Last year at this time, I penned a post re: the Haitian earthquake and the problem of evil called Family of Values: Humanity. Allow me to quote myself: "Natural events are not, in themselves, evil. They are a condition of the planet upon which we live. A fact of life on planet Earth. Inhumanity, insensitivity, cruelty, on the other hand: these are true evils."

Jared Loughner's presumed psychosis (probably some form of paranoid schizophrenia) is, I have argued, natural; it results from a flaw in the brain of the human organism. In a sense, what happened could be taken, thus, as a 'natural event.' Yet, this was inarguably an act of inhumanity, insensitivity, and cruelty. The fact that this illness contributed (partially, as I've argued) to his carrying out this massacre does not entirely absolve it of the appearance of evil. Those people, the victims of his actions, did not deserve what happened to them. Their actions did not bring this upon them.

I've also pointed out that a clinical diagnosis is not necessarily a defense before the bar of the law. But does it render his actions any less evil?

That, truly, is a question for the ages. It certainly does not render the effects of his actions—the woundings and deaths of innocents—any less painful or heinous in our eyes. But it renders the issue of his culpability for evil less clear-cut.

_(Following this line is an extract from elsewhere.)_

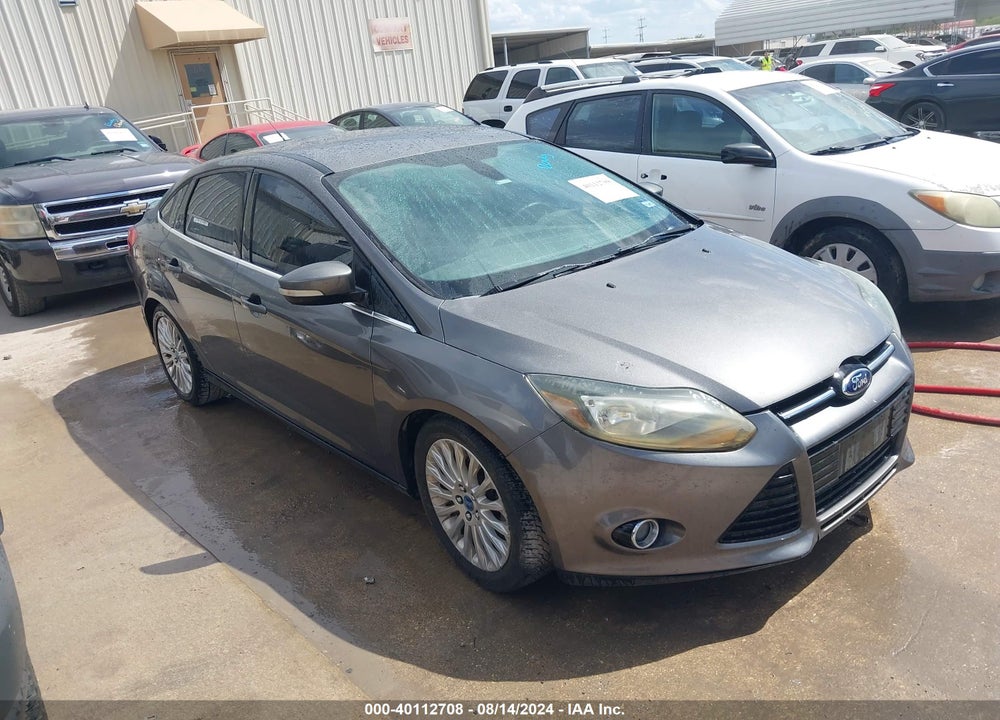 2012 FORD FOCUS TITANIUM VIN: 1FAHP3J23CL370304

At some level, a voice or voices inside the head of Jared Loughner compelled him to do what he did. Because of the pervasive influence of the climate of vitriol and violence in the political and social arena, these voices were amplified and possibly enraged in his mind. Because he did not have access to the sorts of drugs that could silence or moderate or drown out those voice by repairing the neurological misfirings in his brain nor to the sort of psychiatric counseling and supervision that would have allowed a professional to recognize that he was a 'danger to others' and intervene to prevent him from doing what he was apparently bent on, he made the decision to carry through on his compulsion. And because he had ready access to a semi-automatic weapon with an extended clip and cheap ammunition, he was able to implement this plan with immediate and devastating effect.

It is too easy to say Jared Loughner is an evil man and should be killed. As the doer, he is an effective scapegoat. His incarceration and/or execution will absolve us of the immediate pain and grief of this moment, provide 'closure' as they say. It may even, if only temporarily, absolve us of the pain of the revelation of who we really are as a country and what our true values are as a society. It will not, however, absolve us of our complicity in tolerating and even encouraging and promoting ignorance and violence in our public discourse. It will not absolve us of our complicity in failing to care for our mentally ill fellow human beings. And it will not absolve us of our complicity in allowing, nay condoning, such ready access to weapons meant only for killing each other.

As I stated in my last post:
"we believe every person—whether wild, angry, or insane (though not Muslim or Communist, apparently)—in the United States should be able to be, or be perceived as, a violent and potentially deadly threat to every other person in the United States at any given time.

American citizens have the freedom to be angry and truculent and violent and threatening in their political speech, to be bat-shit insane, and to purchase and carry weapons capable of killing multiple people per second. By contrast, America citizens do not have the right to be free from fear."
We accept this fear as a condition of our freedom. Freedom is our proclaimed secular religion (our 'ultimate concern' as a society, if you will), but it is a false religion because we have opted for a false and irresponsible freedom. And this existential fear is the price we pay for our own complicity in the action of Jared Loughner.

So to answer my question: god did not allow this senseless Tucson massacre to happen; we did—by the political, legal, philosophical, and societal choices we've made.